Exercise. Leaving pictures out, repeat word for word the line that has "Richard Carapaz es" and each line that follows it to the end of the listing.

Start of Given data

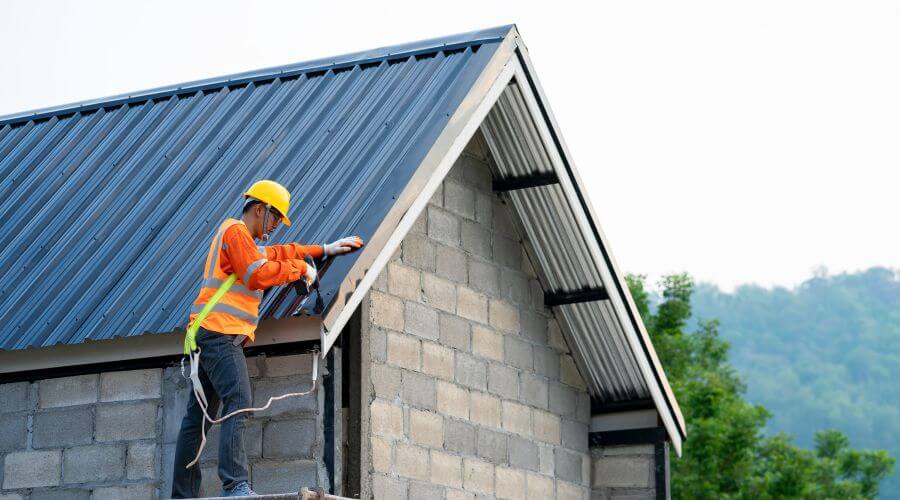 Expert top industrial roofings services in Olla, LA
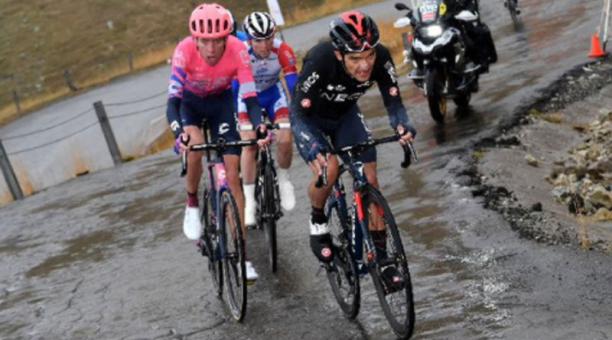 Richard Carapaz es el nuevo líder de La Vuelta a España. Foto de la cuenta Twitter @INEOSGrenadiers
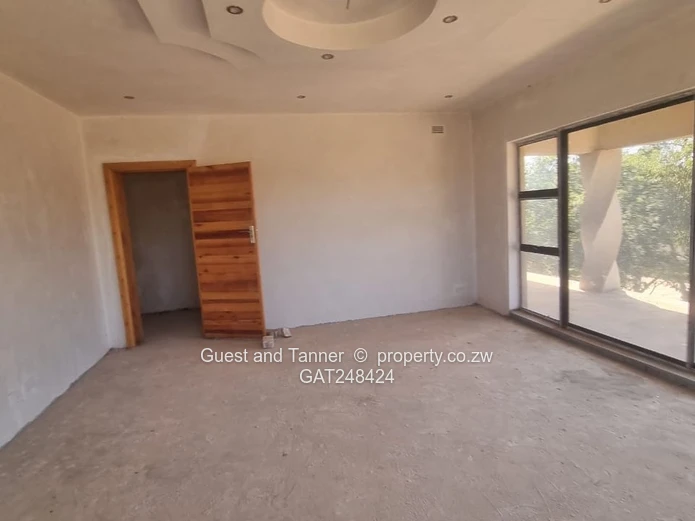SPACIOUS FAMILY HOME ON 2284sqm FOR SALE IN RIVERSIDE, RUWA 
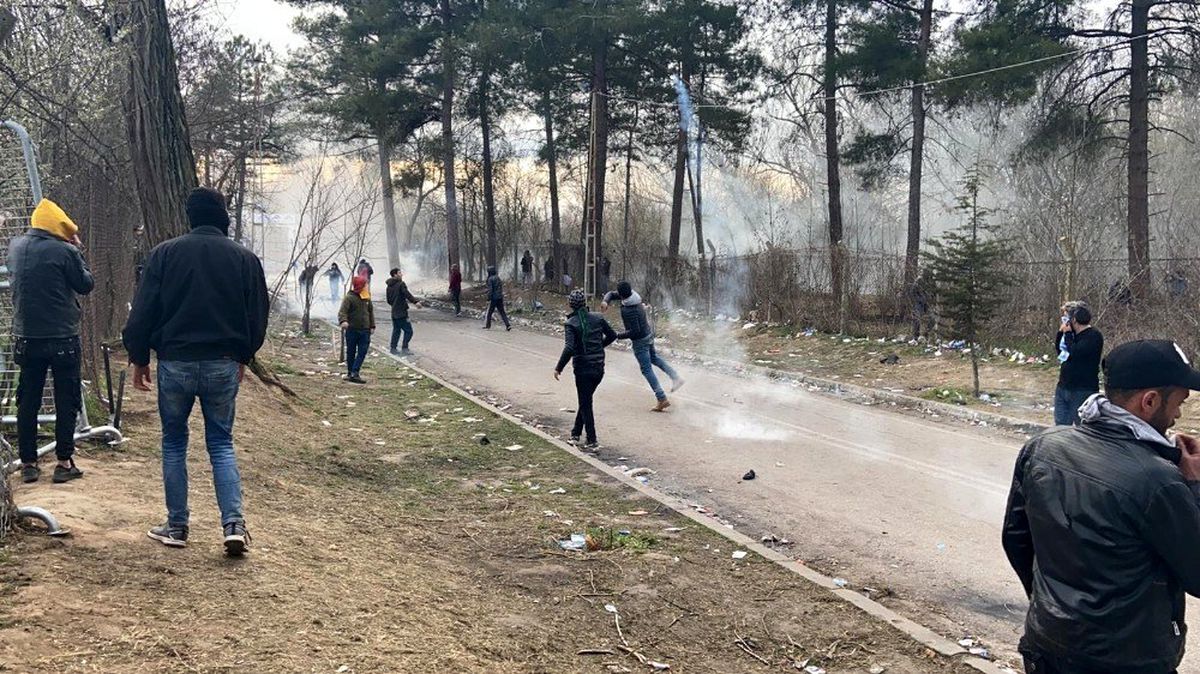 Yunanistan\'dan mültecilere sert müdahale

End of Given data

Task output.
 Richard Carapaz es el nuevo líder de La Vuelta a España. Foto de la cuenta Twitter @INEOSGrenadiers
SPACIOUS FAMILY HOME ON 2284sqm FOR SALE IN RIVERSIDE, RUWA 
 Yunanistan\'dan mültecilere sert müdahale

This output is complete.